In Virginia, there are procedural requirements for sellers to disclose a host of materials to buyers, including the governing documents of any association to which the POAA applies. The seller does this by paying a fee to the association to send the buyer the materials. Then, the buyer has three days to review these materials and exercise a right to cancel the sale if they are not acceptable. However, the current disclosure system does not adequately protect buyers. Three days is insufficient for a buyer to obtain counsel to review and answer questions about the covenants. If there is something deficient about the disclosure process or dissatisfactory about the covenants, the buyer’s only remedy is to cancel the deal timely. Few purchasers ever do this.
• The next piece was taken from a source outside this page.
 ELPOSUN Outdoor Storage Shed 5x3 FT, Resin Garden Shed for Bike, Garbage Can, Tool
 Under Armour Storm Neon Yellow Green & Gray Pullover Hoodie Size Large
The practical effect of this disclosure packet system is to protect sellers and associations from subsequent claims of surprise by purchasers. For insurance purposes, the title company will provide the purchaser with a list of covenants, easements and other encumbrances on the title of the land. Few buyers pay attention to this information.
Virginia law requires associations to register with the Virginia Common Interest Community Board. These registration requirements obligate HOAs and Condominiums to submit annual reports of basic information about the association each year. However, a declaration of covenants may still be enforceable against a lot owner even if the association leadership fails to keep their registration current. Also, HOAs incorporated under the Virginia Nonstock Corporation Act must make submissions and pay fees to the State Corporation Commission each year to keep the corporate status from being cancelled. However, even if a HOA is listed as “automatically terminated” in its official corporate status, this is unlikely to nullify terms of the governing documents. Lot owners should consult with qualified counsel before disregarding HOA notices because they haven’t observed registration formalities with the government.
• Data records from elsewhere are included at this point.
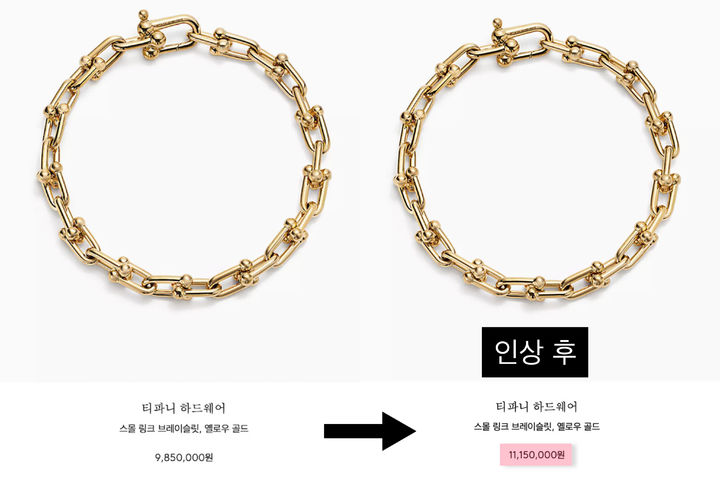 [서울=뉴시스] 티파니 하드웨어 스몰 링크 브레이슬릿 제품 가격이 인상됐다. (사진=티파니 홈페이지) 2026.06.04. photo@newsis.com *재판매 및 DB 금지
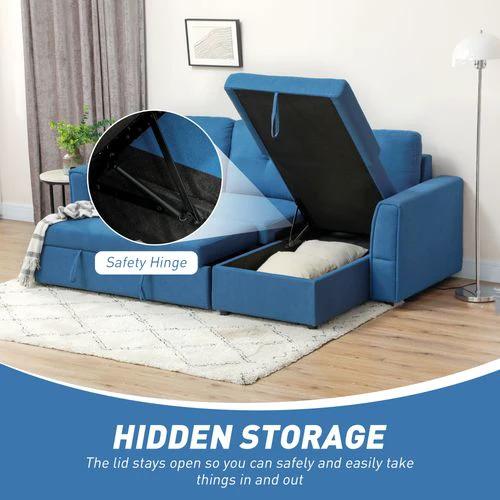 HOMCOM 3 Seater Sofa Bed, Convertible Pull Out Sofa with Storage - Sofa Bed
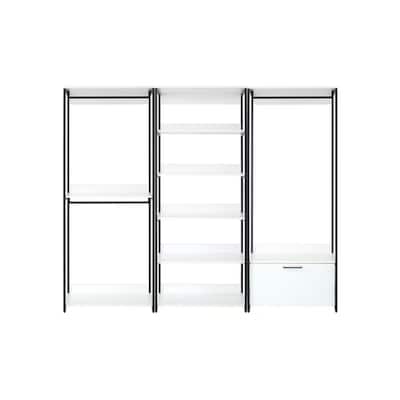 Cox Modular Closet System, 8 Shelves, 3 Hanging Rods, Black Metal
If covenants and easements pop up in the exceptions to a purchaser’s title insurance, it’s likely that lots in the subdivision are encumbered. This is not always a bad thing, when someone needs to be held responsible for maintaining roads and drains. Some people like the amenities that their HOA offers and want the restrictions to be vigorously enforced so that they don’t have to suffer what they consider eyesores. Other landowners are uncomfortable about paying assessments to a HOA who inadequately maintains the common areas and roads and enforces the covenants in an uneven and erratic fashion. Determining whether the subdivision and its association fall within the scope of the POAA, is essential for evaluating whether certain provisions are practically enforceable. Everyone wants peace of mind and a sense of certainty about what debts they are obligated to pay and what they can or cannot do on their land. Determining whether the association enjoys the powers and duties found in the POAA is the first step to achieving that peace of mind or taking the next step to vindicate their rights.